Sob a cultura do “fast fashion” e da produção em países que concentram os maiores problemas trabalhistas, como os asiáticos, a indústria da moda dobrou de tamanho desde os anos 2000. Isso faz com que ao longo de uma cadeia extensa haja impactos ambientais e sociais relevantes até a peça de vestuário ou calçado chegar às mãos do consumidor. Conforme lista a JGP no relatório, citando várias fontes, o setor responde por cerca de 8% das emissões e usa 79 bilhões de metros cúbicos de água por ano, o suficiente para encher 32 milhões de piscinas olímpicas.
Num mercado fragmentado, há alguns avanços. O Brasil está, por exemplo, à frente na produção do algodão considerado mais sustentável, o BCI (de better cotton initiative), que apresenta índices melhores no uso de água e químicos do que o tradicional, diz Urbano Lorea, um dos analistas da JGP envolvidos no mapeamento. Mas enquanto as empresas líderes têm evoluído, quando se olha para as menores há ainda um caminho extenso a percorrer.
Correia afirma que algumas transformações em questões socioambientais, não só no setor, vão ocorrer por força dos ganhos de eficiência. As fabricantes têxteis evitam, por exemplo, o desperdício de matérias primas pelo motivo óbvio da redução de custos, mas isso ainda não está dentro de uma agenda ESG.
O gestor cita que todas as etapas são relevantes, mas acabou se surpreendendo com o peso logo o início da cadeia das grandes marcas. “O designer determina o corte, o material, a previsão de durabilidade – se vai usar o material mais puro porque quanto mais misturado mais difícil é a reciclagem no final.” O poliéster, considerado bom para reciclar e que ganha participação no mercado dentre as fibras, quando é lavado joga o equivalente a 50 bilhões de garrafas plásticas no oceano por ano, diz Correia. Os dilemas não páram por aí.
Na ponta do varejo, os lojistas têm a difícil missão de conscientizar o consumidor de que o produto sustentável tem um prêmio, vai ser, portanto, mais caro. Num país desigual como o Brasil, a mudança de comportamento não é trivial. Em diversos países da Europa, o “fast fashion” tem sido repensado, mas os emergentes ainda estão na contramão desse movimento. “Como você vai estimular o não consumismo se o vendedor na ponta recebe comissão? Ainda mais num país emergente em que há a questão psicológica e social, o cara está começando a ter acesso e quer se vestir melhor”, diz Correia.

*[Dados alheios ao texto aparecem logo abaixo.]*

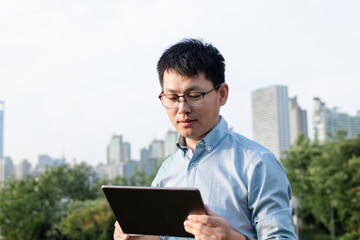 asian businessman working with digital tablet in city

A equipe da JGP destaca no relatório que a China já alcança um consumo per capta de roupas equivalente a economias ricas como a do Reino Unido. “Toda a parte industrial é muito pesada, em grandes números o mundo joga fora um caminhão de lixo em roupas e calçados por segundo”, afirma Correia, referindo-se ao despejo de resíduos.
Do lado ambiental, cerca de 20% da poluição industrial depositada na água provém do tingimento, tratamento e finalização de produtos têxteis. Mas as decisões que podem reduzir esses impactos podem ser tomadas em qualquer fase do processo.
Grandes redes como H&M, Zara e Patagônia em suas políticas de governança têm pressionado a cadeia de suprimentos, diz Correia. Há um esforço para dar transparência sobre quais são os fornecedores, as características dos materiais que usam e mostrar a pegada ambiental que deixam ao longo das etapas de produção.
Nas conversas com executivos e conselheiros de companhias listadas, Correia diz ver evoluções. “Não é mais uma questão de prêmio, mas se vão ser indutores das mudanças.” Ele acha que investidores ainda têm um papel limitado para a influenciar as empresas e que o canal do consumo é ainda o mais relevante. Se ele não topa pagar mais caro por uma camisa, “eventualmente [as empresas] têm que trabalhar com uma margem bruta menor e criar a cultura”.
Lorea cita alguns movimentos interessantes no mercado brasileiro. A Alpargatas, ao expandir o portfólio da marca Havaianas, lança neste mês o primeiro tênis sustentável, desenvolvido com materiais de menor impacto ambiental. A Renner captou R$ 4 bilhões com uma oferta de ações e a primeira iniciativa que tomou semanas atrás foi a aquisição da plataforma de revenda de roupas e calçados Repassa, uma espécie de brechó online. A Reserva, hoje parte do grupo Arezzo & Co., fechou a compra da Troc, novata que atua no segmento de economia circular com a venda de roupas usadas. O interesse pelas ações da Enjoei, com uma captação de R$ 1,13 bilhão na sua oferta inicial (IPO) em outubro também vem dessa toada. São negócios que conversam com as novas gerações, diz Lorea.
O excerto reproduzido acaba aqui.